---------- MATERIAL FOR THE TASK

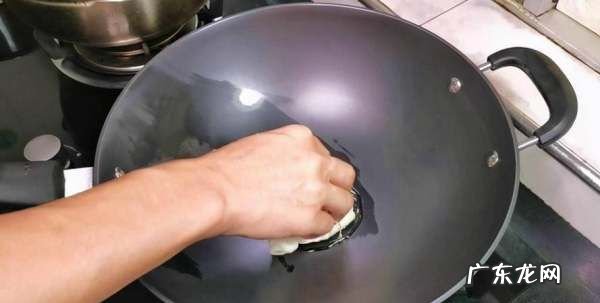 铁锅不开锅有什么影响,没开锅直接用了怎么办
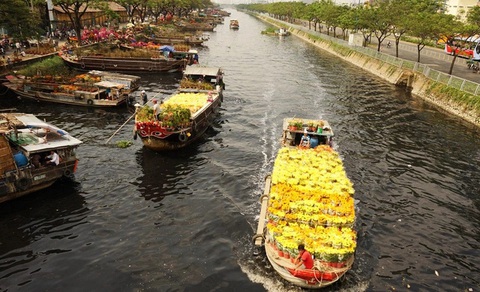Xem nghe cuối năm: Trấn Thành khai chiến với Thu Trang; Nhiều hoạt động đón Tết đặc sắc tại TP.HCM - Ảnh 5. Xem nghe cuối năm: Trấn Thành khai chiến với Thu Trang; Nhiều hoạt động đón Tết đặc sắc tại TP.HCM - Ảnh 6.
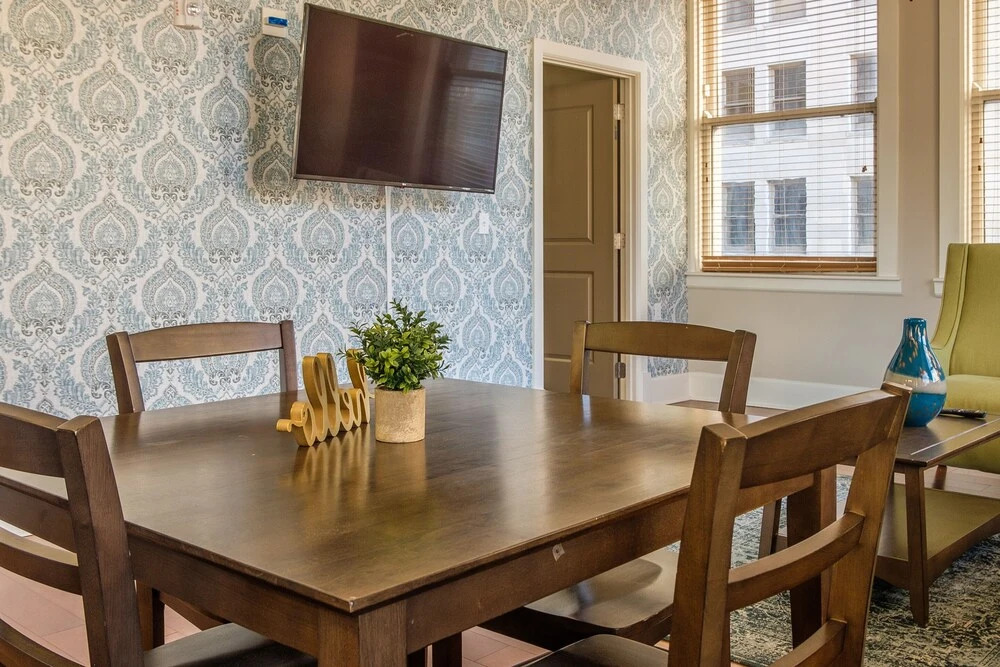 FRONTDESK Hibernia Tower Apts Downtown New Orleans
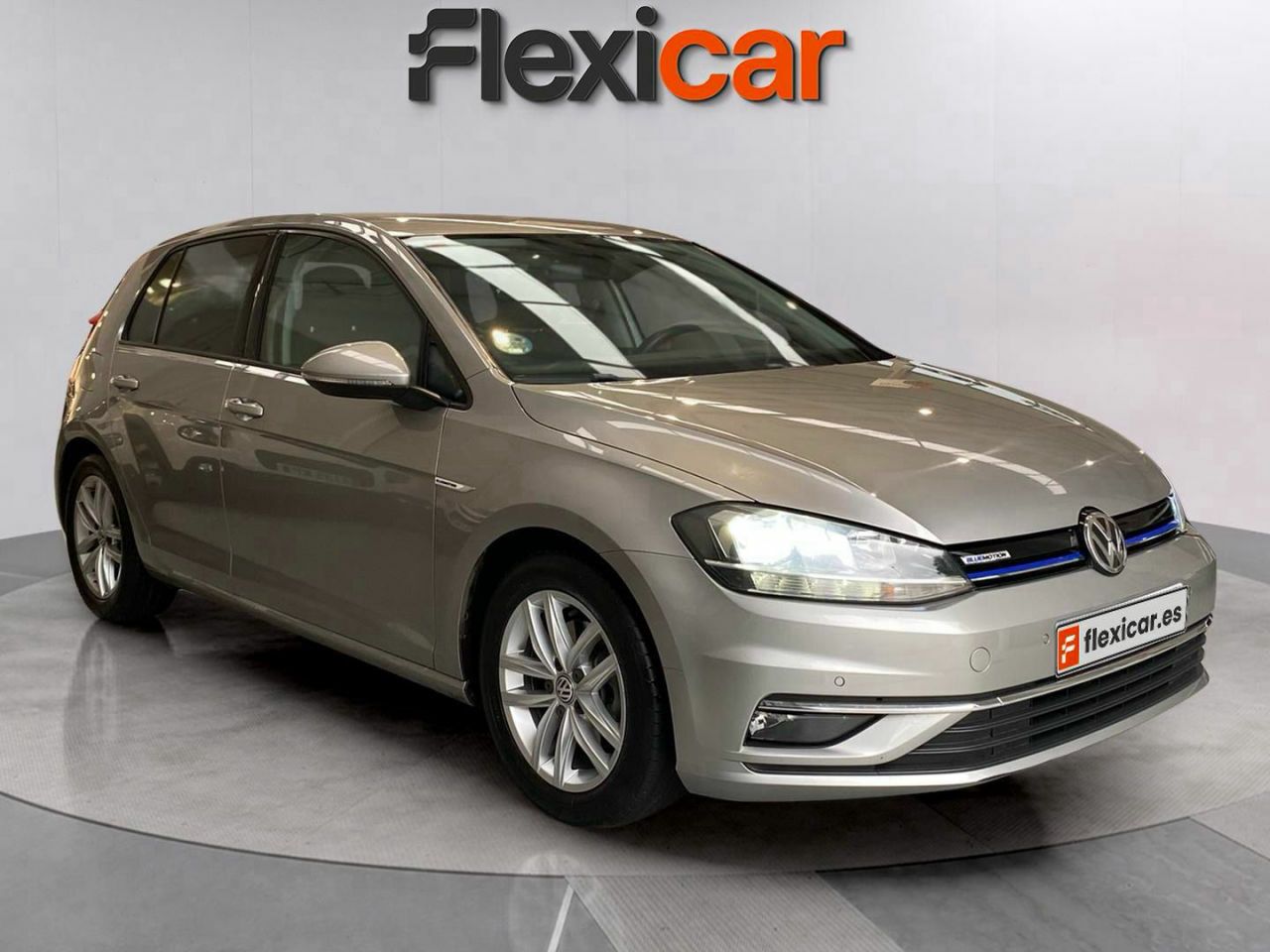 Foto volkswagen golf 2019 /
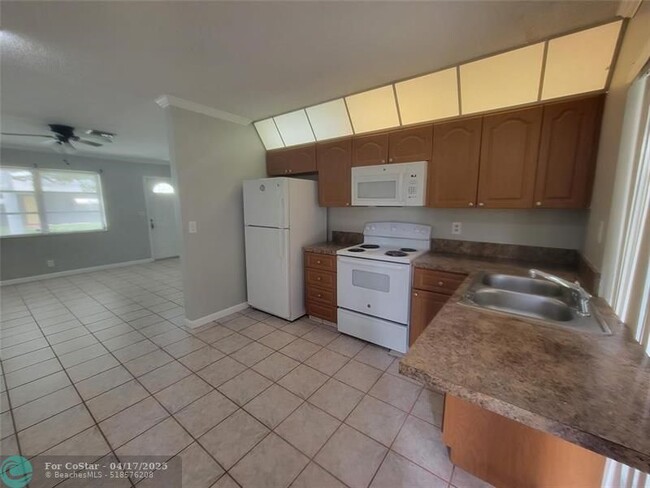 Building Photo - 2634 NW 51st Pl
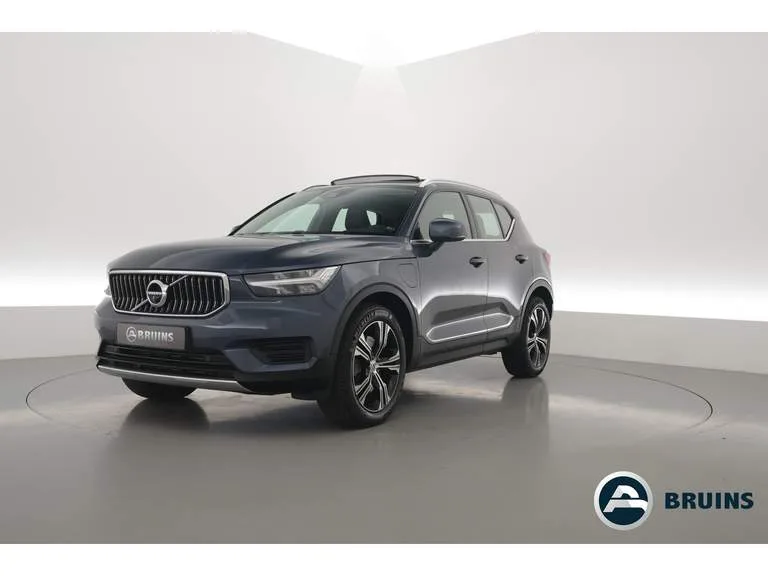 Volvo XC40 (2021) — foto 1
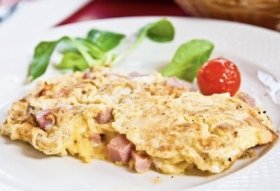 Omleta cu sunca si cascaval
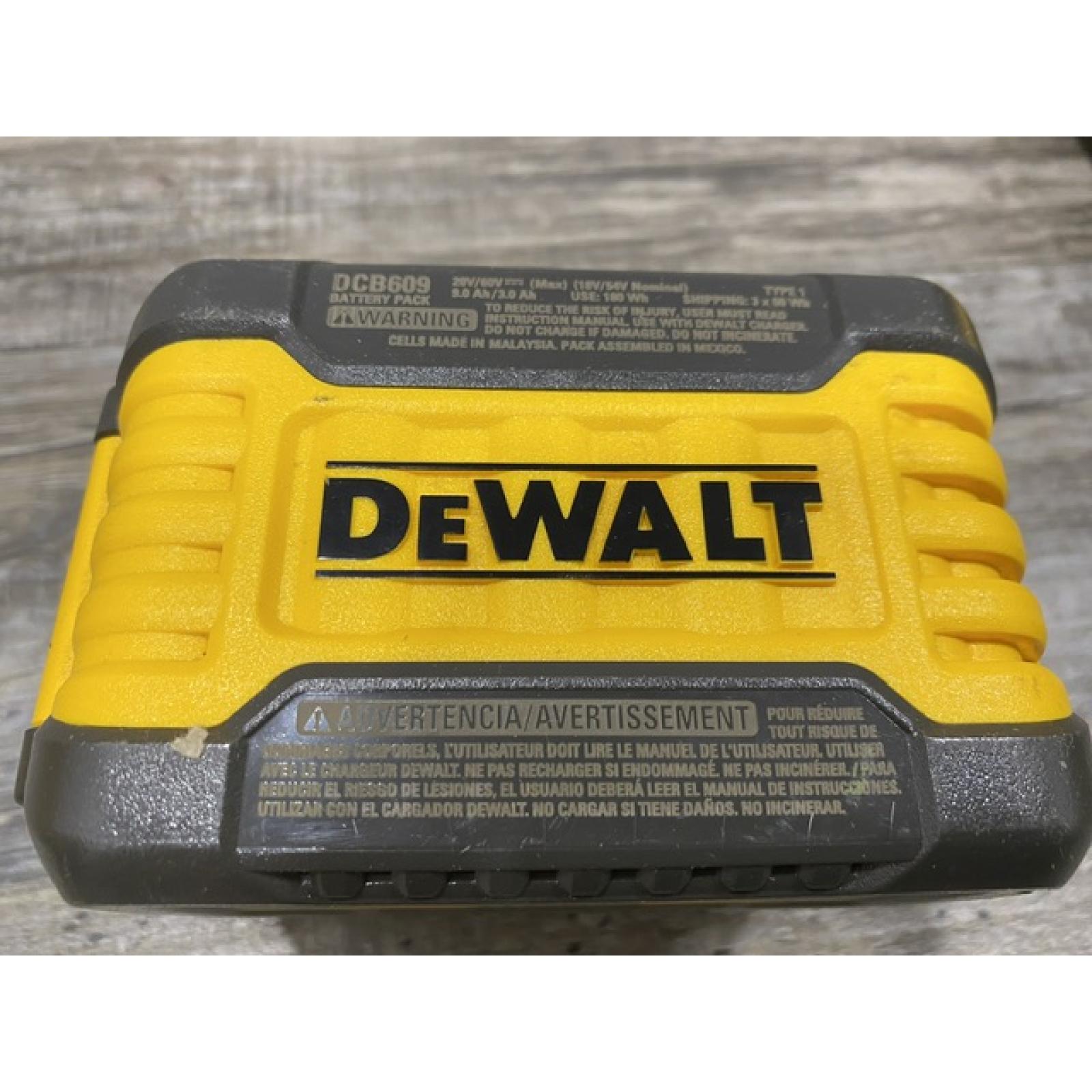 AS-IS DEWALT 20V/60V MAX FLEXVOLT Lithium-Ion 9.0Ah Battery and Charger Starter Kit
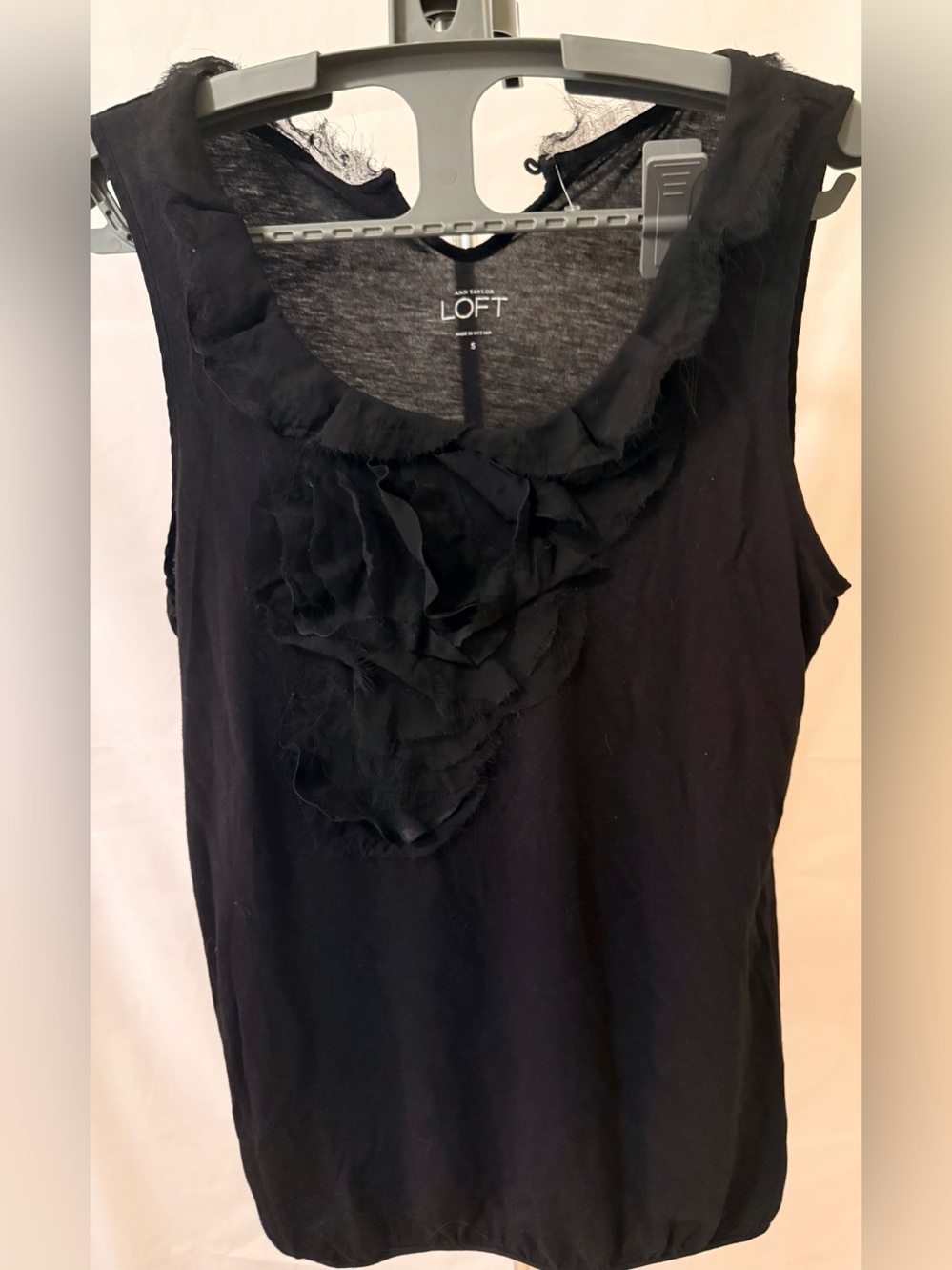 LOFT women’s size small Black Ruffle Sleeveless Top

--------------------

Nothing but the lines from the one with "TP.HCM - Ảnh 6." to the one with "Omleta cu sunca si cascaval" above, both included, should be transcribed, exactly and without pictures.

- [RESULT BELOW]:
Xem nghe cuối năm: Trấn Thành khai chiến với Thu Trang; Nhiều hoạt động đón Tết đặc sắc tại TP.HCM - Ảnh 5. Xem nghe cuối năm: Trấn Thành khai chiến với Thu Trang; Nhiều hoạt động đón Tết đặc sắc tại TP.HCM - Ảnh 6.
 FRONTDESK Hibernia Tower Apts Downtown New Orleans
 Foto volkswagen golf 2019 /
 Building Photo - 2634 NW 51st Pl
 Volvo XC40 (2021) — foto 1
 Omleta cu sunca si cascaval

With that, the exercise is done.